-- Stored data follows --
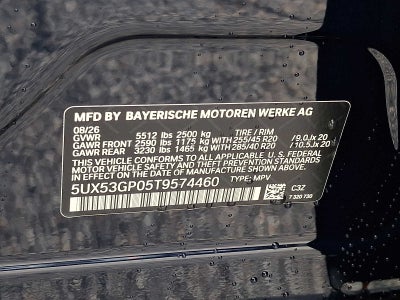 2026 BMW X3 30 xDrive Sports Activity Vehicle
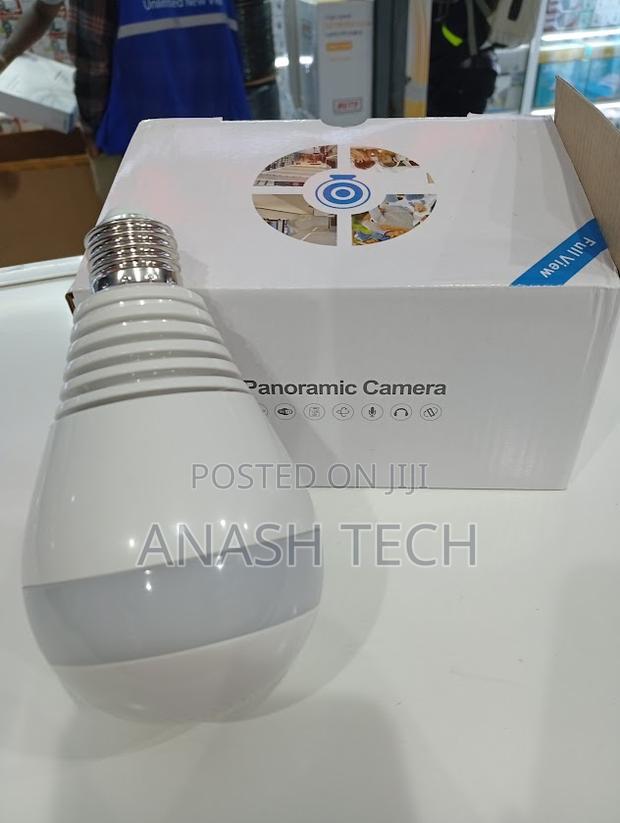 Cheapest Nanny Camera -Home CCTV Bulb - 360 Degrees Angle - main view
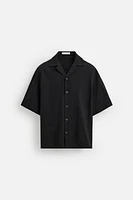 EMBROIDERED COTTON - LINEN SHIRT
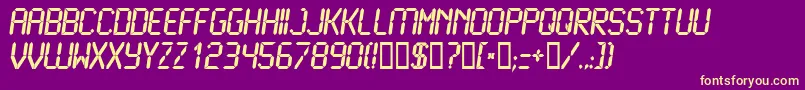 LcdBold Font – Yellow Fonts on Purple Background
-- Stored data concluded --
— Problem to solve —
Output the material above word for word. Leave out its images.

— Written answer —
 2026 BMW X3 30 xDrive Sports Activity Vehicle
 Cheapest Nanny Camera -Home CCTV Bulb - 360 Degrees Angle - main view
 EMBROIDERED COTTON - LINEN SHIRT
 LcdBold Font – Yellow Fonts on Purple Background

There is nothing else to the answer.